But here was the vortex of my meditations around
which they revolved, and whitherward they too
continually tended. In the midst of cheerful
society, I had often a feeling of loneliness. For
it was impossible not to be sensible, that, while
these three characters figured so largely on my
private theatre, I--though probably reckoned as a
friend by all--was at best but a secondary or
tertiary personage with either of them.
I loved
Hollingsworth, as has already been enough
expressed. But it impressed me, more and more,
that there was a stern and dreadful peculiarity in
this man, such as could not prove otherwise than
pernicious to the happiness of those who should be
drawn into too intimate a connection with him. He
was not altogether human. There was something
else in Hollingsworth, besides flesh and blood,
and sympathies and affections, and celestial
spirit.
This is
always true of those men who have
surrendered themselves to an over-ruling purpose.

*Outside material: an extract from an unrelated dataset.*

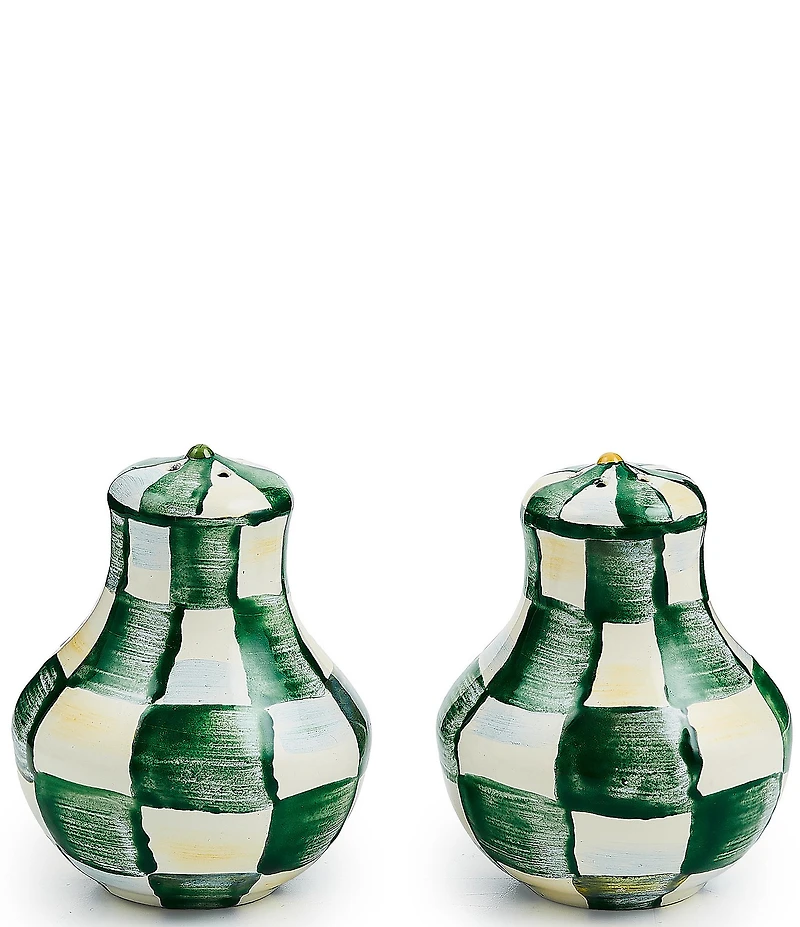 MacKenzie-Childs Check Enamel Salt & Pepper Shaker Set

It does not so much impel them from without, nor
even operate as a motive power within, but grows
incorporate with all that they think and feel, and
finally converts them into little else save that
one principle. When such begins to be the
predicament, it is not cowardice, but wisdom, to
avoid these victims. They have no heart, no
sympathy, no reason, no conscience. They will
keep no friend, unless he make himself the mirror
of their purpose; they will smite and slay you,
and trample your dead corpse under foot, all the
more readily, if you take the first step with
them, and cannot take the second, and the third,
and every other step of their terribly straight
path. They have an idol, to which they consecrate
themselves high-priest, and deem it holy work to
offer sacrifices of whatever is most precious, and
never once seem to suspect--so cunning has the
Devil been with them--that this false deity, in
whose iron features, immitigable to all the rest
of mankind, they see only benignity and love, is
but a spectrum of the very priest hlmself,
projected upon the surrounding darkness. And the
higher and purer the original object, and the more
unselfishly it may have been taken up, the
slighter is the probability that they can be led
to recognize the process, by which godlike
benevolence has been debased into all-devouring
egotism.
Of course,
I am perfectly aware that the above
statement is exaggerated, in the attempt to make
it adequate. Professed philanthropists have gone
far; but no originally good man, I presume, ever
went quite so far as this. Let the reader abate
whatever he deems fit. The paragraph may remain,
however, both for its truth and its exaggeration,
as strongly expressive of the tendencies which
were really operative in Hollingsworth, and as
exemplifying the kind of error into which my mode
of observation was calculated to lead me. The
issue was, that, in solitude, I often shuddered at
my friend. In my recollection of his dark and
impressive countenance, the features grew more
sternly prominent than the reality, duskier in
their depth and shadow, and more lurid in their
light; the frown, that had merely flitted across
his brow, seemed to have contorted it with an
adamantine wrinkle. On meeting him again, I was
often filled with remorse, when his deep eyes
beamed kindly upon me, as with the glow of a
household fire that was burning in a cave.--"He is
a man, after all!" thought I--"his Maker's own
truest image, a philanthropic man! not that steel
engine of the Devil's contrivance, a
philanthropist!"--But, in my wood-walks, and in my
silent chamber, the dark face frowned at me again.
When a
young girl comes within the sphere of such
a man, she is as perilously situated as the maiden
whom, in the old classical myths, the people used
to expose to a dragon. If I had any duty
whatever, in reference to Hollingsworth, it was,
to endeavor to save Priscilla from that kind of
personal worship which her sex is generally prone
to lavish upon saints and heroes. It often
requires but one smile, out of the hero's eyes
into the girl's or woman's heart, to transform
this devotion, from a sentiment of the highest
approval and confidence, into passionate love.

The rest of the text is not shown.